What needs to be done:
Please output each entry exactly as it appears.

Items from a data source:
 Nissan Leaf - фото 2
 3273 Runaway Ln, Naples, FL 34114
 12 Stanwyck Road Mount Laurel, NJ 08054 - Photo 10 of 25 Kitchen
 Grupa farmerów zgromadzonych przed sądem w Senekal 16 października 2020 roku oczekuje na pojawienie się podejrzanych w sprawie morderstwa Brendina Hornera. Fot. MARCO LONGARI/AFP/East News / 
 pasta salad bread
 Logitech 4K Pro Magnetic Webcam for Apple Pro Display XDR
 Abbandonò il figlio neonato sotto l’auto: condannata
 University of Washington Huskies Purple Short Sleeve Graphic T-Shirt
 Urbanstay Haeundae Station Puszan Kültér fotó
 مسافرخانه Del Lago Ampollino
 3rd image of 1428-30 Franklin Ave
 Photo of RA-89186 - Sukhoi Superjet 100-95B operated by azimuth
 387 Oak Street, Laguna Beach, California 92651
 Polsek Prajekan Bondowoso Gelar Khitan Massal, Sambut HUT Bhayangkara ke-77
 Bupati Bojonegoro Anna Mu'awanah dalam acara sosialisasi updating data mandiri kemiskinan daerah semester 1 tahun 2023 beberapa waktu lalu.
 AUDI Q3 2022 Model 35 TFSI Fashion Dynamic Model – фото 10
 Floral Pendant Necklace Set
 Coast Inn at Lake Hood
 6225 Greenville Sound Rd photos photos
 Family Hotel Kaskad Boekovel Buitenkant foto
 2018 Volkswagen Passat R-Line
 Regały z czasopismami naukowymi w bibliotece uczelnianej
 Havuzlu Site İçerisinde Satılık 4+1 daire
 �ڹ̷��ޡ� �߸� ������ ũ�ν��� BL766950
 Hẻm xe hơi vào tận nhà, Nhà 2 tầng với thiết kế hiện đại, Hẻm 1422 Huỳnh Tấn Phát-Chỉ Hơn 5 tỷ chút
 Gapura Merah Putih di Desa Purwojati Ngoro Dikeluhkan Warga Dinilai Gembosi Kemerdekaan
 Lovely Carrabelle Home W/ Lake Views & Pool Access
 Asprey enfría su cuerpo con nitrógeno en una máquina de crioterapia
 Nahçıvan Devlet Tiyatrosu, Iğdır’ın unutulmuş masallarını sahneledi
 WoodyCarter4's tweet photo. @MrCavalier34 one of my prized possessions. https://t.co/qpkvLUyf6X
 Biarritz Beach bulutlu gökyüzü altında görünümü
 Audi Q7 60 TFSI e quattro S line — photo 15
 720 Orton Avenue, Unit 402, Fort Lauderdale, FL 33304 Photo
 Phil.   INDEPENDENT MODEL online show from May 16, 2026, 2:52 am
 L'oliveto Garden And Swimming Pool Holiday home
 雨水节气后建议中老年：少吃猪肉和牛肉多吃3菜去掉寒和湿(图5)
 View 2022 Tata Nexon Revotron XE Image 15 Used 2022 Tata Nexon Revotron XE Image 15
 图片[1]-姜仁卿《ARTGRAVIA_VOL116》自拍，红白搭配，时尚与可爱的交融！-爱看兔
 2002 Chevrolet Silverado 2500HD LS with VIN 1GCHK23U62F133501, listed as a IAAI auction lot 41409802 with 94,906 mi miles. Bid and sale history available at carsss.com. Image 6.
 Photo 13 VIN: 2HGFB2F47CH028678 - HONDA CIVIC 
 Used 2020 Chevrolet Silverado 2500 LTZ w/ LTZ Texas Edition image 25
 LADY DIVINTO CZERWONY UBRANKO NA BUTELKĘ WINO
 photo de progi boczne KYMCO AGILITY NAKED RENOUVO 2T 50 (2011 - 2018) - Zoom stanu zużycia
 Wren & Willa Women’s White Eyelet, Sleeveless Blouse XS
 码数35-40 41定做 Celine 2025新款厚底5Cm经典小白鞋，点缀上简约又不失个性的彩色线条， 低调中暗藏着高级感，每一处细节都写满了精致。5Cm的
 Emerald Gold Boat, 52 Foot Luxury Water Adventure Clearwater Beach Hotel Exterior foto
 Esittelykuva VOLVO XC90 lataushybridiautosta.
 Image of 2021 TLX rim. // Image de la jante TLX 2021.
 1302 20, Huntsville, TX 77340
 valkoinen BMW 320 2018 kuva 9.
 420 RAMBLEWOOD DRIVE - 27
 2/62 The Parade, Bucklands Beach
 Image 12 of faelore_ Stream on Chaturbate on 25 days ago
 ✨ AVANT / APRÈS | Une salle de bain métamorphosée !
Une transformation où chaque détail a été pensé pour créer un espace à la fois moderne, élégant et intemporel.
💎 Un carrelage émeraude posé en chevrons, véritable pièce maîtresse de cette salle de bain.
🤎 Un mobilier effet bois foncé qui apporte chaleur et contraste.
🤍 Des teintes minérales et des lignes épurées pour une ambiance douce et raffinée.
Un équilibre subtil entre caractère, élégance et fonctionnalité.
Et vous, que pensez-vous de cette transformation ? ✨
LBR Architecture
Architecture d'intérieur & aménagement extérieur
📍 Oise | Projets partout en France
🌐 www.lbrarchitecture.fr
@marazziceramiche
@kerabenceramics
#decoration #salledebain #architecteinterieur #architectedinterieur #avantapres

Solution for this exercise:
 Nissan Leaf - фото 2
 3273 Runaway Ln, Naples, FL 34114
 12 Stanwyck Road Mount Laurel, NJ 08054 - Photo 10 of 25 Kitchen
 Grupa farmerów zgromadzonych przed sądem w Senekal 16 października 2020 roku oczekuje na pojawienie się podejrzanych w sprawie morderstwa Brendina Hornera. Fot. MARCO LONGARI/AFP/East News / 
 pasta salad bread
 Logitech 4K Pro Magnetic Webcam for Apple Pro Display XDR
 Abbandonò il figlio neonato sotto l’auto: condannata
 University of Washington Huskies Purple Short Sleeve Graphic T-Shirt
 Urbanstay Haeundae Station Puszan Kültér fotó
 مسافرخانه Del Lago Ampollino
 3rd image of 1428-30 Franklin Ave
 Photo of RA-89186 - Sukhoi Superjet 100-95B operated by azimuth
 387 Oak Street, Laguna Beach, California 92651
 Polsek Prajekan Bondowoso Gelar Khitan Massal, Sambut HUT Bhayangkara ke-77
 Bupati Bojonegoro Anna Mu'awanah dalam acara sosialisasi updating data mandiri kemiskinan daerah semester 1 tahun 2023 beberapa waktu lalu.
 AUDI Q3 2022 Model 35 TFSI Fashion Dynamic Model – фото 10
 Floral Pendant Necklace Set
 Coast Inn at Lake Hood
 6225 Greenville Sound Rd photos photos
 Family Hotel Kaskad Boekovel Buitenkant foto
 2018 Volkswagen Passat R-Line
 Regały z czasopismami naukowymi w bibliotece uczelnianej
 Havuzlu Site İçerisinde Satılık 4+1 daire
 �ڹ̷��ޡ� �߸� ������ ũ�ν��� BL766950
 Hẻm xe hơi vào tận nhà, Nhà 2 tầng với thiết kế hiện đại, Hẻm 1422 Huỳnh Tấn Phát-Chỉ Hơn 5 tỷ chút
 Gapura Merah Putih di Desa Purwojati Ngoro Dikeluhkan Warga Dinilai Gembosi Kemerdekaan
 Lovely Carrabelle Home W/ Lake Views & Pool Access
 Asprey enfría su cuerpo con nitrógeno en una máquina de crioterapia
 Nahçıvan Devlet Tiyatrosu, Iğdır’ın unutulmuş masallarını sahneledi
 WoodyCarter4's tweet photo. @MrCavalier34 one of my prized possessions. https://t.co/qpkvLUyf6X
 Biarritz Beach bulutlu gökyüzü altında görünümü
 Audi Q7 60 TFSI e quattro S line — photo 15
 720 Orton Avenue, Unit 402, Fort Lauderdale, FL 33304 Photo
 Phil.   INDEPENDENT MODEL online show from May 16, 2026, 2:52 am
 L'oliveto Garden And Swimming Pool Holiday home
 雨水节气后建议中老年：少吃猪肉和牛肉多吃3菜去掉寒和湿(图5)
 View 2022 Tata Nexon Revotron XE Image 15 Used 2022 Tata Nexon Revotron XE Image 15
 图片[1]-姜仁卿《ARTGRAVIA_VOL116》自拍，红白搭配，时尚与可爱的交融！-爱看兔
 2002 Chevrolet Silverado 2500HD LS with VIN 1GCHK23U62F133501, listed as a IAAI auction lot 41409802 with 94,906 mi miles. Bid and sale history available at carsss.com. Image 6.
 Photo 13 VIN: 2HGFB2F47CH028678 - HONDA CIVIC 
 Used 2020 Chevrolet Silverado 2500 LTZ w/ LTZ Texas Edition image 25
 LADY DIVINTO CZERWONY UBRANKO NA BUTELKĘ WINO
 photo de progi boczne KYMCO AGILITY NAKED RENOUVO 2T 50 (2011 - 2018) - Zoom stanu zużycia
 Wren & Willa Women’s White Eyelet, Sleeveless Blouse XS
 码数35-40 41定做 Celine 2025新款厚底5Cm经典小白鞋，点缀上简约又不失个性的彩色线条， 低调中暗藏着高级感，每一处细节都写满了精致。5Cm的
 Emerald Gold Boat, 52 Foot Luxury Water Adventure Clearwater Beach Hotel Exterior foto
 Esittelykuva VOLVO XC90 lataushybridiautosta.
 Image of 2021 TLX rim. // Image de la jante TLX 2021.
 1302 20, Huntsville, TX 77340
 valkoinen BMW 320 2018 kuva 9.
 420 RAMBLEWOOD DRIVE - 27
 2/62 The Parade, Bucklands Beach
 Image 12 of faelore_ Stream on Chaturbate on 25 days ago
 ✨ AVANT / APRÈS | Une salle de bain métamorphosée !
Une transformation où chaque détail a été pensé pour créer un espace à la fois moderne, élégant et intemporel.
💎 Un carrelage émeraude posé en chevrons, véritable pièce maîtresse de cette salle de bain.
🤎 Un mobilier effet bois foncé qui apporte chaleur et contraste.
🤍 Des teintes minérales et des lignes épurées pour une ambiance douce et raffinée.
Un équilibre subtil entre caractère, élégance et fonctionnalité.
Et vous, que pensez-vous de cette transformation ? ✨
LBR Architecture
Architecture d'intérieur & aménagement extérieur
📍 Oise | Projets partout en France
🌐 www.lbrarchitecture.fr
@marazziceramiche
@kerabenceramics
#decoration #salledebain #architecteinterieur #architectedinterieur #avantapres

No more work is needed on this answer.